Leaghaidh am brón an t-anam bochd (dowd), Friday, 26 July 2019 20:33 (four years ago) link

I've never really gotten into cortázar. have read rayuela and final del juego. think i like the short stories better but not enamored altogether

bookmarkflaglink (jim in vancouver), Friday, 26 July 2019 20:46 (four years ago) link

just remembering that there is a manic pixie dream girl in rayuela

bookmarkflaglink (jim in vancouver), Friday, 26 July 2019 20:58 (four years ago) link

Think Cortázar’s significant other -Carol? - was not an MPDG herself but he was aware of his predilection for such.

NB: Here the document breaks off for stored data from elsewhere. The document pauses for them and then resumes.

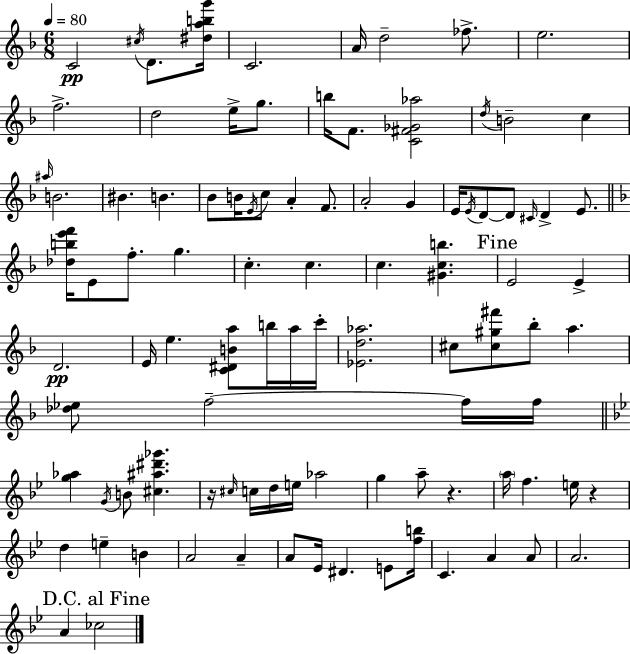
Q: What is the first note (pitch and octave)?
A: C4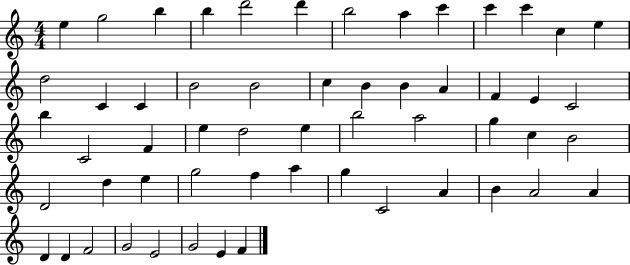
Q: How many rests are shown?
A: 0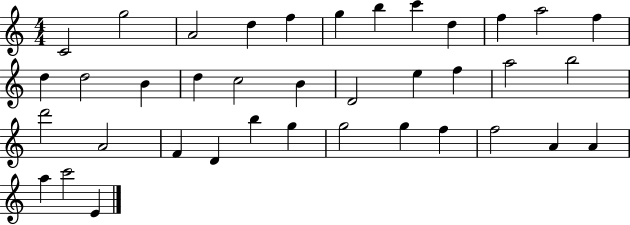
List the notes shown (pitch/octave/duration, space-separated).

C4/h G5/h A4/h D5/q F5/q G5/q B5/q C6/q D5/q F5/q A5/h F5/q D5/q D5/h B4/q D5/q C5/h B4/q D4/h E5/q F5/q A5/h B5/h D6/h A4/h F4/q D4/q B5/q G5/q G5/h G5/q F5/q F5/h A4/q A4/q A5/q C6/h E4/q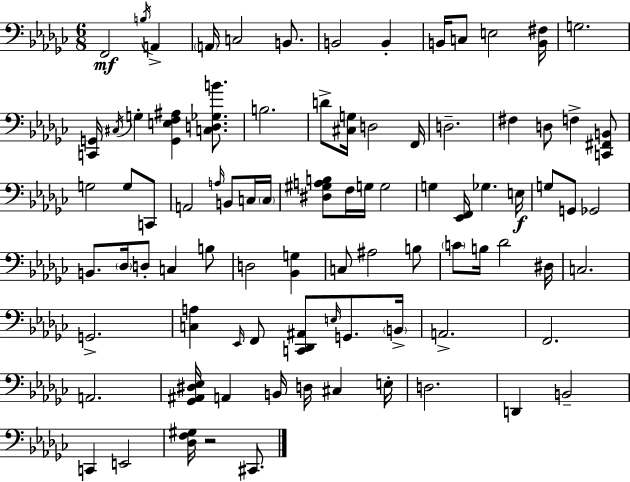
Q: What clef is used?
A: bass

U or Astro-U? (James Redd and the Blecchs), Saturday, 27 July 2019 00:53 (four years ago) link

Chapter 133 of HOPSCOTCH, where character Traveler reads a bizarre encyclopedia or future plan for society, seems to me quite well done, imaginative, executed with dedication. It feels a lot like Borges's famous 'Chinese encyclopedia' but developed at great length. The translation conveys Cortazar's interest in specific wordings.

the pinefox, Saturday, 27 July 2019 13:47 (four years ago) link

Hong Gildong was fun, kind of a Robin Hood tale where Robin also has wicked awesome magic powers. Could've done without the last third that just describes dude's life after he's become the ruler of an island realm, though.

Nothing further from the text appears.